Istruzione e digitalizzazione: le sfide per rilanciare il Paese e guardare al futuro

da Il Sole 24 Ore

di Redazione Scuola

A poco più di un mese dalla riapertura delle scuole, l’avvio di quella che ormai è definita come seconda ondata pandemica ha reso di nuovo attuale il tema del digital divide e dei suoi effetti sul diritto all’istruzione dei giovani italiani. C’è un grande nodo da affrontare: come garantire la continuità formativa di milioni di studenti di ogni ordine e grado, molti dei quali hanno già perso mesi di scuola durante la prima ondata di Covid-19.

Nonostante il grande aiuto fornito dalla tecnologia, infatti, l’Italia non era pronta, e non lo è tuttora, a passare a una didattica completamente digitale.
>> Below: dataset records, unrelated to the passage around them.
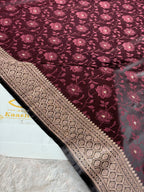 Brown Mashru Kataan Silk Saree | Zari Meena Tanchoi Woven Design | Rich Zari Pallu | Banarasi Silk Saree – MKS845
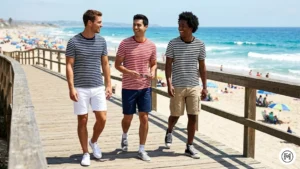 21. Summer Casual

Three men on a beach boardwalk. Horizontal striped tees (Navy/White, Red/White, Black/White) with tailored shorts and canvas sneakers. Bright, high-energy summer sun.

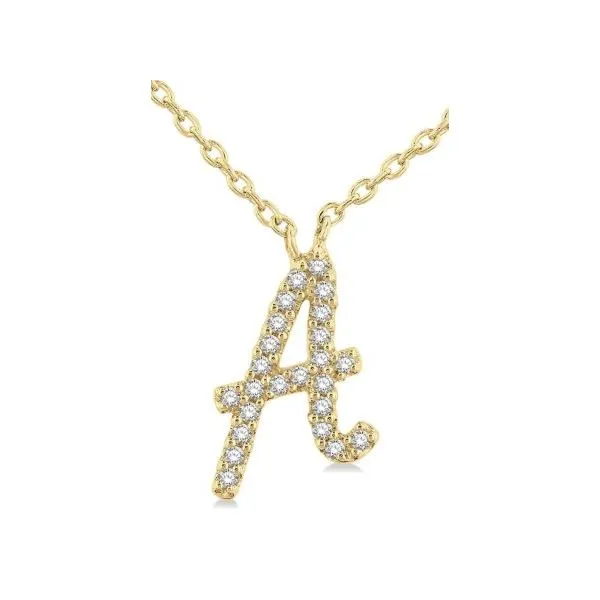 Yellow Gold Script 'A' Initial Diamond Pendant SVS Fine Jewelry Oceanside, NY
Secondo l’Istat, solo il 6,1% degli studenti tra i 6 e 17 anni vive in nuclei familiari dove è disponibile un computer per componente. E le disuguaglianze sociali sono ancora più gravi nel Mezzogiorno, dove 4 famiglie sue 10 non dispongono nemmeno di un pc.

Ma anche il tema della connettività è rilevante: secondo Istat, circa un italiano su quattro non dispone di una connessione a banda larga – rimanendo tagliato fuori dalla possibilità di studiare o lavorare a distanza. In aggiunta a questo, gli italiani, anche tra i più giovani, non dispongono di digital skills adeguate alle necessità di oggi.

Secondo Istat solo 3 ragazzi su 10 hanno competenze digitali elevate. E secondo una ricerca di Eurostat (Do young people in the EU have digital skills?), l’Italia è fanalino di coda nella classifica delle digital skills tra i giovani. In coda con Romania e Bulgaria, il nostro Paese può vantare solo un 65% di ragazzi tra i 16 e 24 anni con skills digitali di base o superiori.

Percentuali troppo basse per un Paese che, per oltre sei mesi, ha affidato alle lezioni on-line tutta la sua didattica per i bambini e ragazzi della scuola dell’obbligo e delle università.

In linea con queste evidenze, ci sono i dati dell’Osservatorio della Fondazione Deloitte. Spiega Paolo Gibello, presidente di Fondazione Deloitte: «In Deloitte siamo sempre a caccia dei migliori talenti negli ambiti più innovativi del mercato del lavoro. E da anni riscontriamo una carenza dei profili professionali più all’avanguardia – quelli che, tra l’altro, sono pagati meglio della media. Secondo il nostro studio, circa un’azienda su quattro (23%) non riesce a trovare i profili Stem di cui ha bisogno. Tra questi spiccano le professioni legate all’Information technology (It): informatici, ingegneri, esperti di cyber-security sono merce sempre più preziosa, ma in Italia non si trovano facilmente. Leggendo i dati Istat ed Eurostat si capisce il perché: siamo un Paese che investe poco nella formazione dei giovani e che ancora non fa abbastanza per essere al passo con i tempi in ambito digitalizzazione».

Ma il Covid-19 ha messo l’Italia di fronte alla realtà e, con gli aiuti straordinari messi in campo con il Recovery Fund, c’è la possibilità di aumentare gli investimenti in istruzione e digitalizzazione. «Ben prima del Covid-19 l’Italia aveva un tasso di abbandono scolastico superiore a quello della media Ue e una quota di laureati inferiore alla media Ue. Ma un Paese che rinuncia a istruire i suoi giovani, è un paese che non innova e che non può diventare competitivo, per questo auspichiamo che le Istituzioni e il Governo mettano in campo tutte le risorse necessarie per garantire ai nostri giovani le migliori opportunità in campo di educazione e istruzione», conclude Gibello.